Which professor taught you the most important lesson while at ASU?
My professor for Astronomy 322 and longtime mentor, as well as my thesis director, Dr. Rogier Windhorst, taught me many lessons in and out of the classroom. Most importantly, he taught how to write scientifically and manage my own research project. This experience was necessary for me to complete both of my theses during my senior year and be accepted into a PhD program.
What’s the best piece of advice you’d give to those still in school?

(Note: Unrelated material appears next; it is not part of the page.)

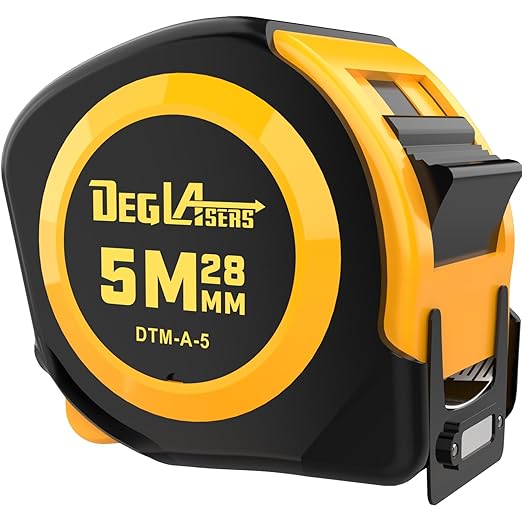 Magnetic Tape Measure 16FT, Retractable Measuring Tape, Easy to Read Double Sided Measuring Tape, Magnetic Hook and Shock Absorbing Carrying Case for Construction, Carpenter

I would advise those who are unsure about their ability to get involved. Show effort in and out of the classroom and then ask about research. Don’t tell yourself that you aren't smart enough to do research. When I started at ASU, I had a very weak background in math, no background whatsoever in computer programming, and embarrassingly, I thought I knew so much about astrophysics but did not even know how to explain the phases of the moon! After two years I still wasn't confident in my abilities, but after showing effort in the classroom and taking time to discuss material beyond basic coursework with my professors, I was invited to come to the weekly research meetings with Dr. Windhorst and his team. Many faculty members are always looking for undergraduates to assist in their research, and even if they are unable to help you, they are more than willing to point you to others who can. If you are confident and show the effort that professors look for, then most of them will be happy to help you progress outside the classroom.
What was your favorite spot on campus, whether for studying, meeting friends or just thinking about life?

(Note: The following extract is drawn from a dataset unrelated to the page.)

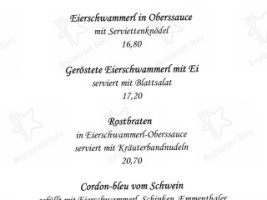 Gasthaus Rammel - Zum goldenen Engel menu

Without question, my favorite place to be was in front of the Foucault pendulum in the Physical Sciences Building F Wing lobby, especially for the year I worked as a teaching assistant for the first-year astronomy labs. I would eat an early dinner and then go back there to sit and work and if I didn't have work to do, just to relax while waiting for the time to pass before I went to get ready for the astronomy labs. The area is very busy during the day but after 5 p.m. it is quiet most of the time. If you sit there long enough, you will see the pendulum's swing appear to change direction as the Earth rotates underneath it, though it takes about 43 hours to make a complete turn so you have to wait a while to notice a change.

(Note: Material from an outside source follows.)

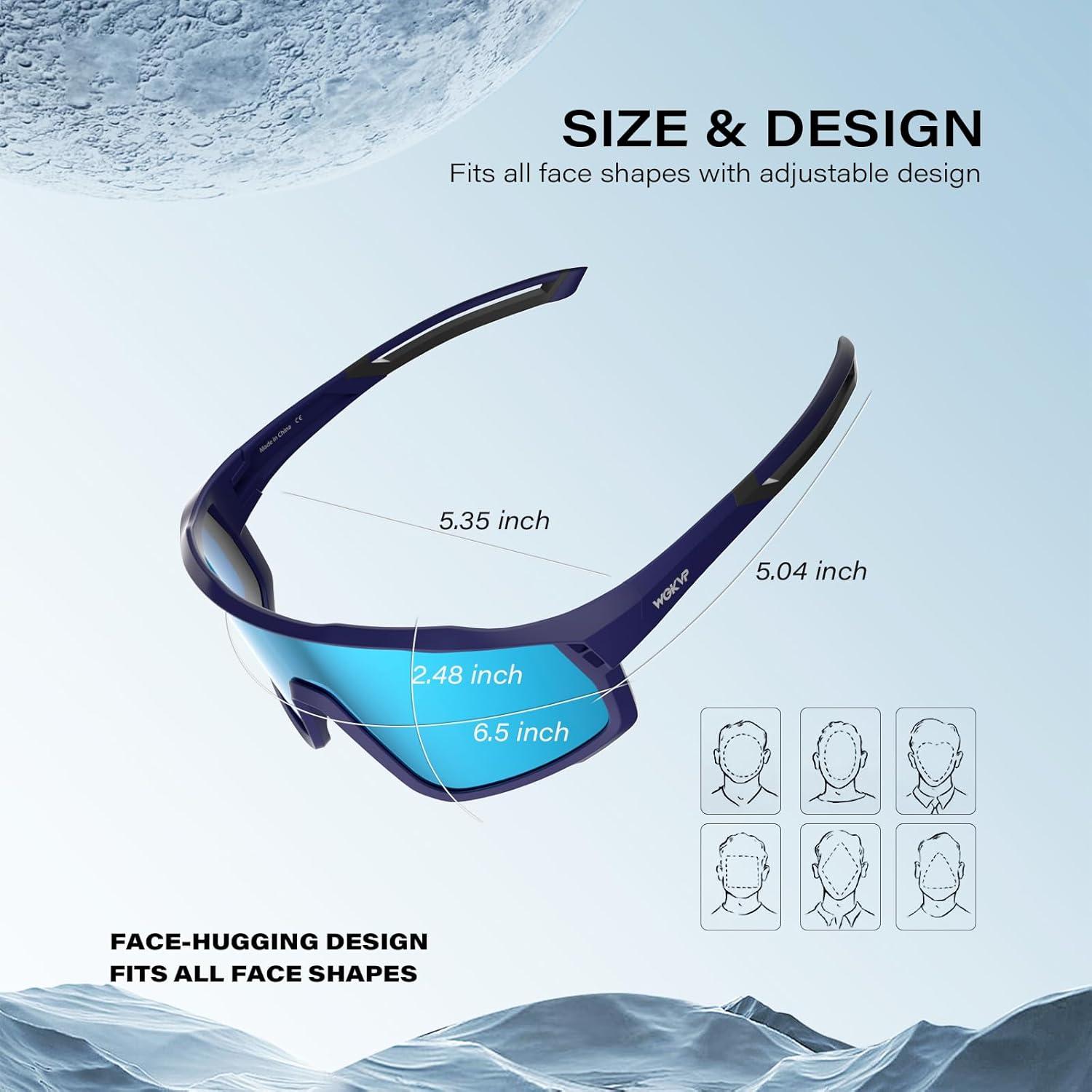 Gafas de sol deportivas WGKVP 5051 UV400 polarizadas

If someone gave you $40 million to solve one problem on our planet, what would you tackle?
Though I believe it to ultimately be futile, I would try to restore the faith of the average person in science. Many people distrust and disregard the importance of science to their daily lives. My parents tell me how when they were young, America and the world was captivated with the developments of the age such as the moon landings, the development of life-saving vaccines such as the polio vaccine, and the progression from radio to television and then to the internet age. Anti-science movements have had an unfortunate resurgence in recent times and they have very real effects, limiting the amount of funding and public support science gets as a whole. I am not a psychologist or political science expert, but I believe that trying to bring past, present, and future developments of science directly to the public can help solve this problem. There is a large disconnect between research in science and the public, and by the time new scientific information reaches public spheres, it is often distorted, misinterpreted, or even falsified. I would use the money to develop a way for there to be more interaction between academia and the public so they can interact directly and so that the concerns of both parties can be addressed without messaging being manipulated.